_Exercise_:
Look through the entries for the line containing "Washing Machine Cabinet". Then output that line and every line after it, exactly, to the end.

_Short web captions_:
============================================================

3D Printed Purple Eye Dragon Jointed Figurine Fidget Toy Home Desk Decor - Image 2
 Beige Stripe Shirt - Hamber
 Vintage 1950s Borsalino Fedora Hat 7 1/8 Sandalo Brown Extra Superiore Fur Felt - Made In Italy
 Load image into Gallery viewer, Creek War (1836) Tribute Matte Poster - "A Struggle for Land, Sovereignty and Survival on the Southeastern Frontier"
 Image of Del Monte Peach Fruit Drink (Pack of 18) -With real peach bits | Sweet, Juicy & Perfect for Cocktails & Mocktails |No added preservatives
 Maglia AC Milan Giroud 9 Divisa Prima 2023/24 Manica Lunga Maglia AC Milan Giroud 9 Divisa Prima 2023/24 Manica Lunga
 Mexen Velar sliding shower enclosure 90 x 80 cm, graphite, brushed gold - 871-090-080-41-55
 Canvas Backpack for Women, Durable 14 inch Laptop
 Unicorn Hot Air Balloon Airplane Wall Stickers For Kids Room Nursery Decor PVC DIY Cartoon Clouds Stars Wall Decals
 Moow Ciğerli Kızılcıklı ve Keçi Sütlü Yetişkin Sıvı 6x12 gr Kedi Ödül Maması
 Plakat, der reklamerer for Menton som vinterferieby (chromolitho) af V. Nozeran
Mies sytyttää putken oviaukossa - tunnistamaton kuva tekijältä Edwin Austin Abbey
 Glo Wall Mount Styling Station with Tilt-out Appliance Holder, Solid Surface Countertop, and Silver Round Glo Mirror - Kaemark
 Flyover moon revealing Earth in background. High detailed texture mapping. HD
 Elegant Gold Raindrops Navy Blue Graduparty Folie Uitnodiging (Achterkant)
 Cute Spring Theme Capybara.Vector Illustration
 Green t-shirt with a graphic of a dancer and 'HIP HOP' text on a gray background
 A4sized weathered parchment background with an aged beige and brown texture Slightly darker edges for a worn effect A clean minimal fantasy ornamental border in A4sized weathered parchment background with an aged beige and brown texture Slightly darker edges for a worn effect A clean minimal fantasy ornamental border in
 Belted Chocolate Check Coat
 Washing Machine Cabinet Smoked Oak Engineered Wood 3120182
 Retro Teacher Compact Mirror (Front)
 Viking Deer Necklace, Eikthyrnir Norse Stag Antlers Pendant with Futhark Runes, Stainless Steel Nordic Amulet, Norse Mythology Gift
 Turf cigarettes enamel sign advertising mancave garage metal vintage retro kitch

============================================================

_Solution below_:
 Washing Machine Cabinet Smoked Oak Engineered Wood 3120182
 Retro Teacher Compact Mirror (Front)
 Viking Deer Necklace, Eikthyrnir Norse Stag Antlers Pendant with Futhark Runes, Stainless Steel Nordic Amulet, Norse Mythology Gift
 Turf cigarettes enamel sign advertising mancave garage metal vintage retro kitch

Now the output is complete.